Six months before a microfinance institution entered 43 villages in India and began offering microfinance loans to villagers, we collected detailed network data by surveying households about a wide range of interactions. The microfinance institution began by inviting “leaders” (e.g., teachers, shopkeepers, savings group leaders) to an informational meeting and then asked them to spread information about the loans. Using the network data, the locations in the network of these first-informed villagers (or injection points), and data regarding the villagers’ subsequent participation, we estimate the parameters of our diffusion model using the method of simulated moments. The parameters of the model are validated by showing that the model correctly predicts the evolution of participation in each village over time. The model yields a new measure of the effectiveness of any given node as an injection point, which we call communication centrality. Finally, we develop an easily computed proxy for communication centrality, which we call diffusion centrality.

### Results

We find that a microfinance participant is seven times as likely to inform another household as a nonparticipant; nonetheless, information transmitted by nonparticipants is important and accounts for about one-third of the eventual informedness and participation in the village because nonparticipants are much more numerous. Once information passing is accounted for, an informed household’s decision to participate is not significantly dependent on how many of its neighbors have participated. Communication centrality, when applied to the set of first-informed individuals in a village, substantially outperforms other standard network measures of centrality in predicting microfinance participation in this context. Finally, the simpler proxy measure—diffusion centrality—is strongly correlated with communication centrality and inherits its predictive properties.

### Discussion

Our results suggest that a model of diffusion can distinguish information passing from endorsement effects, and that understanding the nature of transmission may be important in identifying the ideal places to inject information.

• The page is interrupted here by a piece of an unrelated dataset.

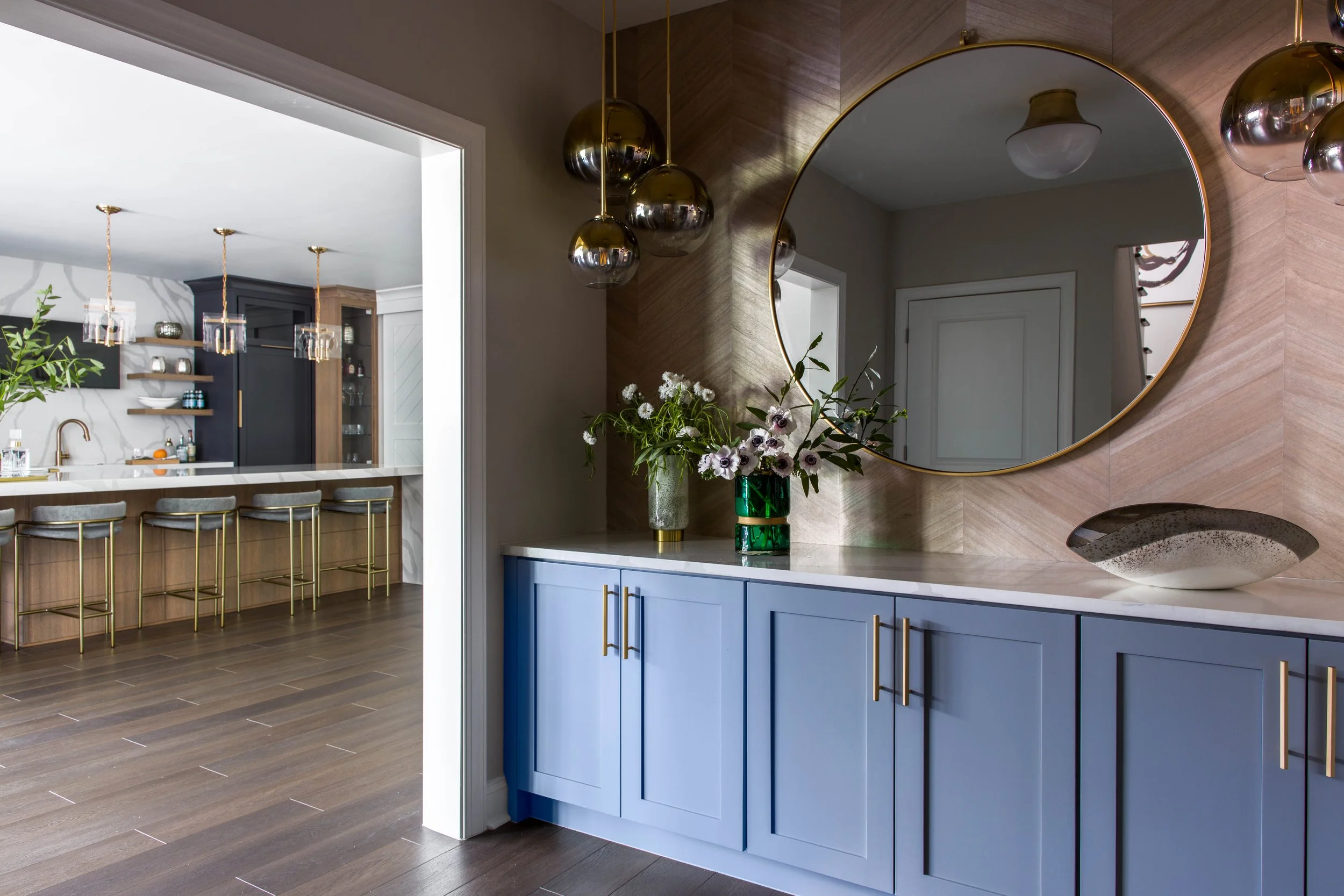 Living space with custom blue cabinetry and brass accents opening into a modern kitchen.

## Infectious Information?

Much of the recent work on how individuals in social networks behave has relied upon the established Susceptible, Infectious, Recovered model developed in epidemiology. Information, however, differs from disease in one respect, namely that an individual might acquire information and yet not use it (or become “infected” by it). **Banerjee et al.** (1236498) examined the spread of information about microfinance and its adoption in 43 villages in Karnataka, a state in southern India. Adopters of microfinance were more likely to pass information about it on, and a new measure—diffusion centrality—of the first person to learn new information predicted how widely and quickly others would be likely to make use of it.

## Abstract

To study the impact of the choice of injection points in the diffusion of a new product in a society, we developed a model of word-of-mouth diffusion and then applied it to data on social networks and participation in a newly available microfinance loan program in 43 Indian villages. Our model allows us to distinguish information passing among neighbors from direct influence of neighbors’ participation decisions, as well as information passing by participants versus nonparticipants. The model estimates suggest that participants are seven times as likely to pass information compared to informed nonparticipants, but information passed by nonparticipants still accounts for roughly one-third of eventual participation. An informed household is not more likely to participate if its informed friends participate. We then propose two new measures of how effective a given household would be as an injection point. We show that the centrality of the injection points according to these measures constitutes a strong and significant predictor of eventual village-level participation.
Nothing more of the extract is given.